Un article très bien fait sur le blog de l'UL-CGT de Dieppe à propos du déferlement médiatique dominant concernant la grève des cheminots.

 

Depuis le début du conflit des cheminots, les médias jouent un rôle particulièrement pourri, et partial, contre les cheminots.

Si pour les taxis, ils ont honnêtement donné les raisons de fonds de leur mouvement, dans le cas des cheminots, seuls les usagers prétendument mécontents sont mis en avant:

Personne n'informe honnêtement le citoyen sur les raisons de la grève, et l'enjeu de sécurité pour l'usager du chemin de fer !
Et pourtant, la série d'accidents qui a eu lieu l'an dernier, et notamment celui de Brétigny, devrait conduire les radios, télévisions et journaux, à plus de retenue, et à plus d'objectivité.

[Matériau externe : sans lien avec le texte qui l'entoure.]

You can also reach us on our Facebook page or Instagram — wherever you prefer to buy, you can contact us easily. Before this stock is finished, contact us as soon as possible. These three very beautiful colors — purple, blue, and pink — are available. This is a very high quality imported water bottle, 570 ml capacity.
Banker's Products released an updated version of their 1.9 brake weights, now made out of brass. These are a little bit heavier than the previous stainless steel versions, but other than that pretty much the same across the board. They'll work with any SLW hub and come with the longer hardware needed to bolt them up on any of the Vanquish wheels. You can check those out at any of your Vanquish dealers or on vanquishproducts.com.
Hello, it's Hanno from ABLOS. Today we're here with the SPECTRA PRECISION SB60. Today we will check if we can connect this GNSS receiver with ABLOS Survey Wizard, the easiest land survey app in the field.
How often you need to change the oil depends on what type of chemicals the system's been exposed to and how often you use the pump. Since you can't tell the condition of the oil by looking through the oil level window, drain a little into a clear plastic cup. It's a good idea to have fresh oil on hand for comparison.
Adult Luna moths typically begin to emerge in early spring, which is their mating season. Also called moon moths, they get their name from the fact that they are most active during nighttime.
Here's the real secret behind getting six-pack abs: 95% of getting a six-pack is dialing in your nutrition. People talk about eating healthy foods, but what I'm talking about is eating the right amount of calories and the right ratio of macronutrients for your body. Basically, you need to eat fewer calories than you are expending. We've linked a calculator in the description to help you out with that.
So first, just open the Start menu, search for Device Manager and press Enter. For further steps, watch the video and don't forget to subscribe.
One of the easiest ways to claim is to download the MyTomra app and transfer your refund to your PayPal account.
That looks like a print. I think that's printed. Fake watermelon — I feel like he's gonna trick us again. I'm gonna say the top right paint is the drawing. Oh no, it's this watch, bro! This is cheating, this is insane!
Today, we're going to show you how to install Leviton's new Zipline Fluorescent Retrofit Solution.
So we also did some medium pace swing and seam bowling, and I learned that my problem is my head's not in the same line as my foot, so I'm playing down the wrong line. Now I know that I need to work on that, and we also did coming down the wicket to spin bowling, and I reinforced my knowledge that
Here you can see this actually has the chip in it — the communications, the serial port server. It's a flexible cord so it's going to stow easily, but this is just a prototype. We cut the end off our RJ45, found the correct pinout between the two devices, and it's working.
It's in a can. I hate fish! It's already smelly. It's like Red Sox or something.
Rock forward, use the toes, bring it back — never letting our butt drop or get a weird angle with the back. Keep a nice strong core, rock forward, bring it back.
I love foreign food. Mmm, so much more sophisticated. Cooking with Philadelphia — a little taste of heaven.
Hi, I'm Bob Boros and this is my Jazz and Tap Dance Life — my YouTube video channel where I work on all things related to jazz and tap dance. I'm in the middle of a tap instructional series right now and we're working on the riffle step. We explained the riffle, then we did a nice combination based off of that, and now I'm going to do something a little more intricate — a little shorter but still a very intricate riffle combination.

Sauf à ce que les pilotes des rédactions espèrent d'autres accidents ferroviaires pour vendre plus leurs papiers, la sécurité des usagers devrait les conduire à informer réellement sur les enjeux du conflit, tant en matière de sécurité et que qualité de service.

Depuis hier nous assistons à une aggravation du mensonge: diviser les cheminots pour les affaiblir, telle est la ligne de la "main invisible" qui pilote les médias.

Quel est le message distillé par ces manipulateurs ? "Parce que la CGT a rencontré le ministre, elle se préparerait à lâcher le mouvement". Après le "tous pourris" des politiques, aujourd'hui ce serait le "tous pourris" chez les syndicats, en écho avec la campagne des patrons et de leur syndicat, le Medef — toujours plus et mieux au service des actionnaires cupides et des spéculateurs — qui prétend que le syndicalisme des salariés serait dépassé.

Pour la CGT il est hors de question d’appeler à la reprise du travail, tant qu'elle n’aura pas eu, de la part du gouvernement des engagements concrets sur l’abandon de son projet de réforme, ni marqué une volonté de prendre en considérations les revendications des cheminots.
Depuis le début du conflit, la mobilisation des cheminots est immense, et ne faiblit pas !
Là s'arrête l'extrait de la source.